Maslow & self-transcendance

For the longest time since internet became really very much a thing towards the end of the 2000s; there were memes coming up about the additional layers within Maslow’s hierarchy of needs. So before food, shelter and health stuff, comes wifi and below that, battery power. Yes that seemed like the experience of a typical millennial.

Today, I’m musing about what is on top and it is typically labelled ‘self-actualisation’ but as Matt Davis would cover in this article, Maslow himself discovered a different pinnacle that we are all yearning towards. To some extent, this concept of self-transcendance is a bit complex and there’s a lot of spiritual considerations but I think the better description is what was first described by Victor Frankl and recorded in the APA Dictionary of Psychology:

The state in which an individual is able to look beyond himself or herself and adopt a larger perspective that includes concern for others.

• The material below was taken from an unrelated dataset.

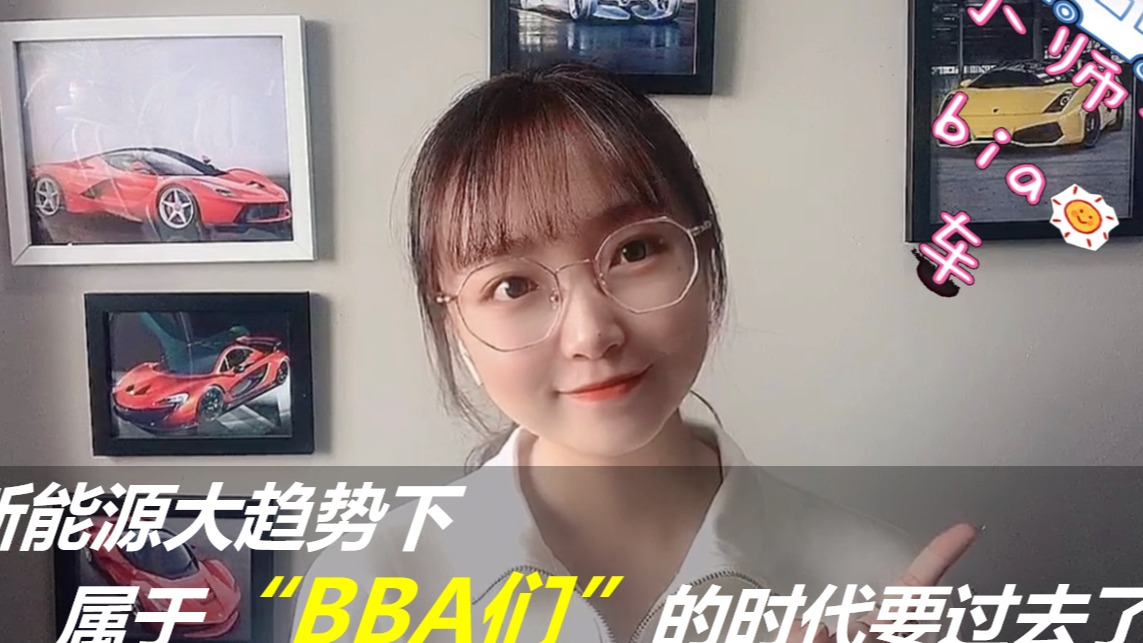 新能源大趋势下，属于“BBA们“的时代要过去了？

Some psychologists maintain that self-transcendence is a central feature of the healthy individual, promoting personal growth and development.

So basically the idea of promoting and looking to serve the needs of others rather than just oneself. To expand ones’ circle of care and concern beyond just oneself. I find it remarkable as a Christian, that at the end of the day, our deepest, greatest need extends in a large part for much more than ourselves.

Abundant scarcity

My first lesson in Economics was about scarcity. It suggests that economics is needed and considered because there is scarcity. Likewise, in my first job, where I was involved in lots of strategy work, my boss told me, that scarcity is what underlies strategy. We need strategies because there’s no abundant resources. We need to pick how to allocate our resources to achieve our objectives.

And then one day, one of my junior consultants fantasised over lunch how great it would be when the world has the technology to provide us unlimited amount of energy and hence all that we need for everyone in the world. Well, I work for a strategy consulting firm that focuses on the energy transition – so in case you’re wondering why energy. I gently reminded him that scarcity is in part caused by our unlimited wants and desires – that abundance in the world is not going to solve that fundamental challenge.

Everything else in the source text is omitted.